Redéfinition du concept de "santé mentale"
Historiquement, le terme "santé mentale" a vu son sens évoluer. Progressivement, il s'est rapproché d'une notion de "bien-être" et d'une capacité à s'adapter socialement et professionnellement. Cette perspective tend à estomper la distinction entre normalité et pathologie, en se focalisant sur l'inclusion sociale et la productivité des individus.
Cette approche conduit parfois à attribuer à la "santé mentale" des problèmes qui trouvent leurs racines dans des facteurs sociaux ou structurels. On observe ainsi une multiplication des catégories diagnostiques pour des phénomènes comme le burn-out ou l'éco-anxiété, qui peuvent masquer une réflexion plus large sur les causes systémiques de ces souffrances, en créant une confusion entre troubles mentaux et malaises sociaux.
Transformation des modalités de prise en charge
La tendance actuelle privilégie le développement des prises en charge ambulatoires. L'organisation et la gestion de ces suivis sont de plus en plus souvent dévolues aux personnes elles-mêmes. Cette orientation soulève des questions quant à la répartition des coûts et à la prise en compte des responsabilités des entreprises dans l'émergence de troubles psychiques liés au travail.
Face à la pénurie de professionnels, notamment de psychiatres, les pouvoirs publics se tournent vers les psychologues dans le cadre de nouvelles architectures de soins. Un schéma de parcours de soins est progressivement mis en place, structurant les interventions à plusieurs niveaux :
Un premier niveau, souvent l'école, est dédié à la "détection" précoce.
Un deuxième niveau, comme les CMPP, est envisagé pour la prise en charge des situations jugées "légères", impliquant des thérapies de courte durée.
Un troisième niveau, regroupant centres experts et services hospitaliers, serait destiné aux pathologies plus sévères et complexes. Ce niveau pourrait nécessiter des formations spécifiques pour les psychologues souhaitant y exercer.

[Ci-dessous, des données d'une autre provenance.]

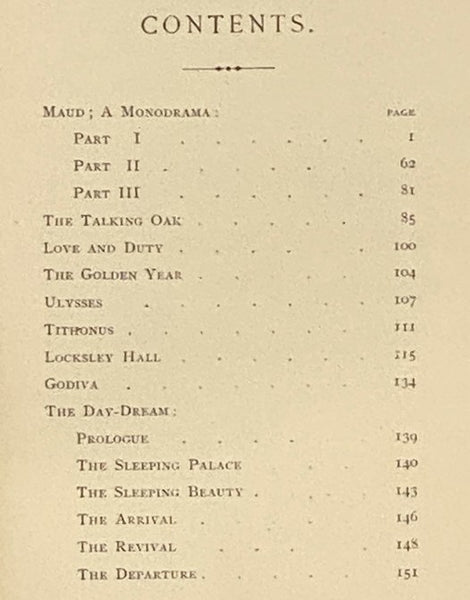 Maud, Locksley Hall, and Other Poems: Vignette Edition, with Ninety-Seven New Illustrations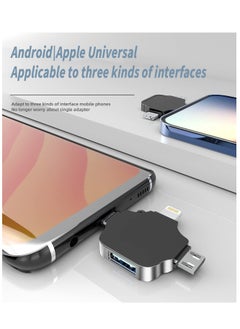 KASTWAVE Adapter for Lightning, Type C, and USB to USB Female, OTG Cable Compatible with iPhone Micro-A Type C Android Thunderbolt3 Port Adaptador Connector Microusb USBC Cell Phone Camera  - Image 2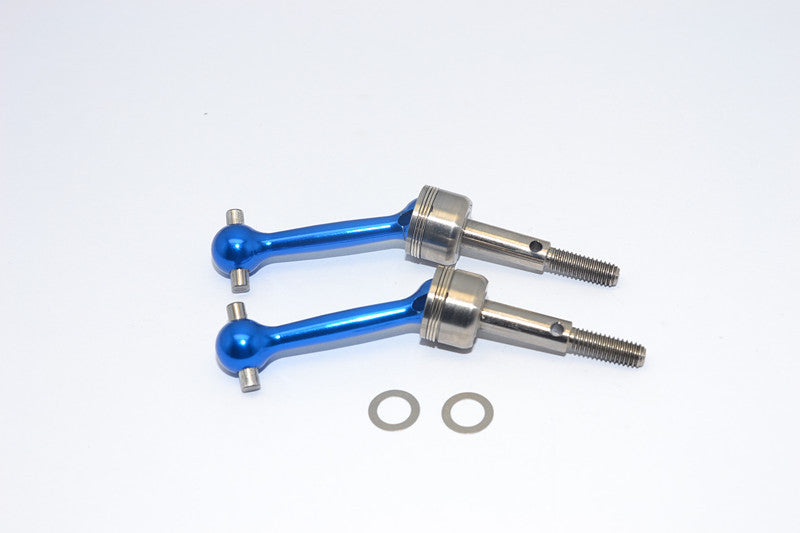 Tamiya TT-01 / TT-01D / TT-02 Titanium + Aluminum-7075 Unviersal Swing Shaft - 1Pr Blue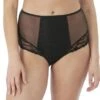 Fantasie Ana Black High Waist Brief Fantasie -Lingerie Store FANTASIE ANA BLACK HIGH WAIST BRIEF KNICKER LOCKER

Dans ce cadre, les missions tendent à être standardisées : bilans, thérapies brèves, ou interventions plus intensives mais sous contrainte budgétaire. Les "pratiques probantes" et les "thérapies pertinentes" pourraient être définies par des instances comme les Agences Régionales de Santé (ARS), ce qui interroge l'autonomie des professionnels dans le choix de leurs approches.
L'évolution des psychothérapies et l'identité professionnelle
La psychothérapie, qui a historiquement contribué à l'autonomisation de la psychologie vis-à-vis du modèle médical, est aujourd'hui de plus en plus valorisée comme une alternative aux traitements médicamenteux. Cependant, cette valorisation s'accompagne d'une attente d'efficience, encourageant des approches structurées et protocolisées.
Ces dernières s'alignent parfois sur le modèle biomédical ("un diagnostic = un traitement"), en ciblant les symptômes plutôt qu'une compréhension globale de la vie psychique du patient. Cette orientation peut être perçue comme une volonté de rationalisation et de réduction des coûts.
Le concept de rétablissement gagne en importance. Issu de mouvements d'anciens patients, il vise à permettre aux individus de reprendre le contrôle de leur vie malgré la maladie. Si cela ouvre la voie à un certain pluralisme des techniques (psychoéducation, estime de soi, soutien par les pairs), les objectifs de cette rééducation psychosociale restent souvent fortement orientés vers l'adaptation et l'apprentissage de compétences.
Pour les psychologues, ces évolutions soulèvent des questions fondamentales sur l'identité professionnelle et la spécificité du soin psychique. Les risques incluent une perte d'autonomie dans le choix des outils et des modalités de suivi, un brouillage des frontières avec d'autres professions médico-sociales, et une tendance à la standardisation des pratiques qui pourrait éloigner du principe de singularité de la vie psychique.
La FSU emploi suit avec attention ces évolutions, et demande à la direction de s’assurer que les psychologues aient enfin accès à une formation continue digne de ce nom, qui leur permette d’adapter leurs pratiques et d’accompagner au mieux les demandeurs d’emploi.